In context of bacterial UTI, empirical treatment consists of selection of an antibacterial drug without knowledge of the susceptibility
of bacteria to that drug. It is based on: 1) previous experience with the types of bacterial pathogens most likely to cause
UTI, 2) epidemiologic data about the susceptibility of these bacteria to various antimicrobial agents (Table 1), and 3) knowledge
that the drug will attain an appropriate concentration in urine (Table 2, p. 6S).
The most commonly reported bacterial isolates from dogs with UTIs have been Escherichia coli (~45 percent), Staphylococcus spp. (~10 percent), Proteus spp. (~10 percent), Klebsiella spp. (~10 percent), Enterococcus spp. (~5 percent) and Streptococcus (~5 percent).
Caveat: Patients with acute onsets of uncomplicated bacterial UTIs often "respond" to empirical antimicrobial treatment.
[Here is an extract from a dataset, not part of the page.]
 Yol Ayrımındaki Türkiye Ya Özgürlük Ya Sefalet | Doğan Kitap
Therefore,
making an empirical, but educated, "guess" of the proper antibiotic to treat patients with acute onsets of uncomplicated bacterial
UTI has been an accepted standard of practice.
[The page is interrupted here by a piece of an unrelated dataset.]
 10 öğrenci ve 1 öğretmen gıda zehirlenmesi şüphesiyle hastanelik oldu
However, the standard of practice also includes appropriate follow-up evaluation of the patient to determine the efficacy
of therapy. Empirical selection of antimicrobial agents is not recommended for patients that have 1) a history of frequently
recurrent clinical signs, and 2) been given antibacterial drugs to treat signs of urinary tract disease in the past three
to six weeks.
When should antimicrobial agents be selected on the basis of antimicrobial susceptibility tests?
Evaluation of the susceptibility of infecting bacteria to antimicrobial drugs is advisable as the most reliable guide for
choice of therapeutic agents because different bacterial pathogens isolated from dogs and cats with UTI may vary widely in
their susceptibility to specific antimicrobial agents. Especially Pseudomonas aeruginosa and Klebsiella spp., but also Enterobacter spp., Escherichia coli and Proteus spp. are examples of urinary pathogens that may be associated with polyresistant strains. There are some circumstances when
antimicrobial susceptibility tests are essential (Table 3).
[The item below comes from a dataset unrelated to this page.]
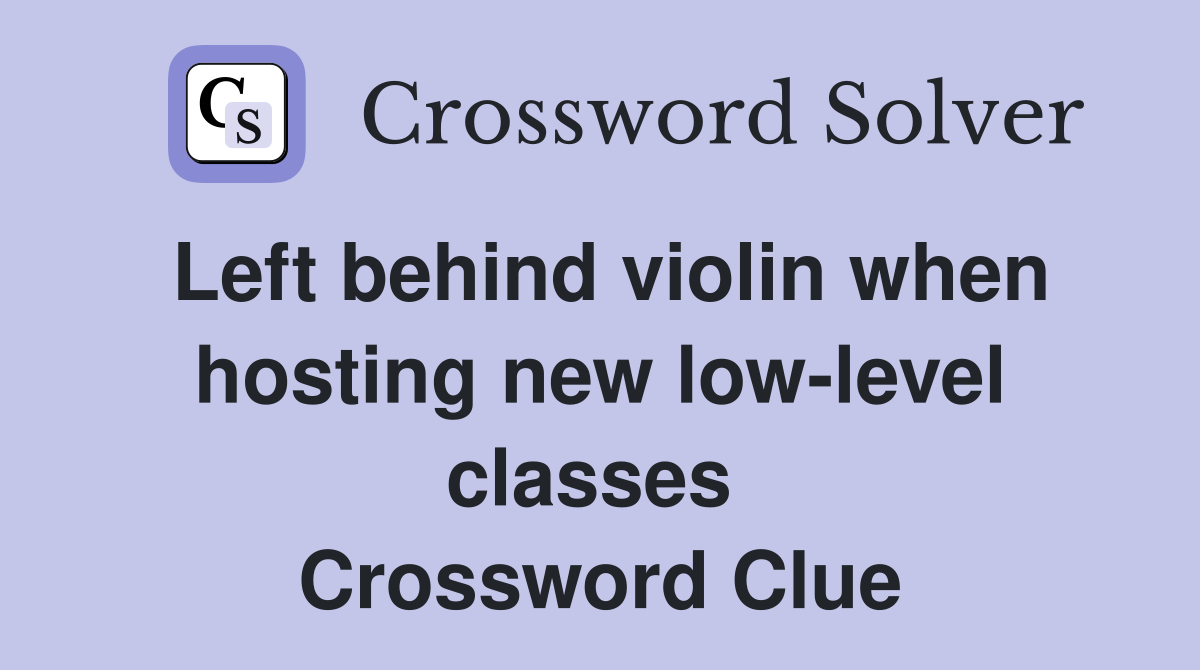 Left behind violin when hosting new low-level classes  Crossword Clue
Caveat: Once bacterial urinary tract pathogens that have been exposed to one or more antimicrobial drugs, they often acquire resistance
to many commonly used antimicrobial agents. In this setting, the susceptibility of bacterial pathogens is unpredictable, and
therefore cannot be accurately predicted from tables derived from untreated patients (Table 1). If a patient with recurrent
signs of UTI has recently been given antimicrobics, it is essential that the therapy be re-evaluated on the basis of quantitative
culture and antimicrobic susceptibility tests to determine whether changes in susceptibility have occurred.